All these points are unclear and highly controversial in the GPL.
IDGNS: Some companies, like SuSE Linux AG, have built their entire business model on the development, distribution and support of open source software, particularly the Linux operating system. Are they at risk?
Spindler: SuSE and other companies dealing with open source software separate the software, which they must provide for free as part of the license, from the services they offer for a fee, such as the CD containing the software, user manuals, patches and hotline support. There is some uncertainty in the open source community as to how much companies can charge for commercial services linked to a free product. And there is, again, a liability issue. SuSE and other open source software companies say they aren't liable for any problems with open source software. But why can't distributors and dealers be made liable?
For example, under the European Union product liability directive, even the dealer may be held liable for product defects. Moreover, it remains an open question as to whether distributors can really split up the sale into a part containing the software and another part containing the CD and the support.

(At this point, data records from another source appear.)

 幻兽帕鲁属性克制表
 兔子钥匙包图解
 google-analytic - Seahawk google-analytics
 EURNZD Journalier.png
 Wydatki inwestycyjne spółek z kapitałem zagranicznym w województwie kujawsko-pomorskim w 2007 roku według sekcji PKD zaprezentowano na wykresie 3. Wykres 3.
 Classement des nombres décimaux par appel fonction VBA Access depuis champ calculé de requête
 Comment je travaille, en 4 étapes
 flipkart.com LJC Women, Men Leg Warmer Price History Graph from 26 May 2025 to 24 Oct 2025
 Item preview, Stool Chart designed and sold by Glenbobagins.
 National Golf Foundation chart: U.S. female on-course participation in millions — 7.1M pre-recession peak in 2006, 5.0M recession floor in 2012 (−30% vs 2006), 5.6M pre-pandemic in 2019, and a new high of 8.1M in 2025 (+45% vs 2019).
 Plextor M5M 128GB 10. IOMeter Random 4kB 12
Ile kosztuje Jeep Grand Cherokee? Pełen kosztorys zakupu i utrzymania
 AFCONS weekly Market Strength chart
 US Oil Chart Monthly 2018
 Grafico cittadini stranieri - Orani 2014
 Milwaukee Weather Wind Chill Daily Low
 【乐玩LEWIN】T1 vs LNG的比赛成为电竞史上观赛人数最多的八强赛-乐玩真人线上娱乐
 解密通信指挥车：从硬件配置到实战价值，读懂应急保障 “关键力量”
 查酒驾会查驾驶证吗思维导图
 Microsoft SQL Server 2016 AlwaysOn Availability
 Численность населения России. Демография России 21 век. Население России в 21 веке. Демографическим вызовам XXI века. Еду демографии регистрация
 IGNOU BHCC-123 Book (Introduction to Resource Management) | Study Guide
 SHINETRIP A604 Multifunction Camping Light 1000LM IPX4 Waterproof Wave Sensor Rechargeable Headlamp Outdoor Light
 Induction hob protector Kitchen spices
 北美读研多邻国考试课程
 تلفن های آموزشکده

IDGNS: As users, both the public and private sectors in Germany have shown substantial interest in open source. The federal government, in particular, is a driving force in the country. Should these groups be concerned about the risks of using a product for whom no one is liable?
Spindler: I would certainly think so. But if governments and enterprises choose to ignore these risks, that's their decision. The legal situation in Germany today is risky: Assuming the GPL is valid, users of open source software have no one they can sue for problems with the software.
IDGNS: Why so much talk about liability now? Open source software has been around for a while.
Spindler: Open source hasn't been discussed in the legal camp for long. The debate that has unfolded over the past 18 months or so is a relatively short time in the legal community. Moreover, the open source license is a new concept that doesn't fit totally into Germany's traditional legal framework. So new approaches and solutions have to be sought.
IDGNS: And what are your suggestions to overcome the liability issues associated with open source in Germany.
Spindler: First of all, the GPL must be written in German and take into account both German and EU law. This isn't the case today. Second of all, and most importantly, the liability clause has to be replaced or adapted. This is definitely in the interest of users, open source developers and competition.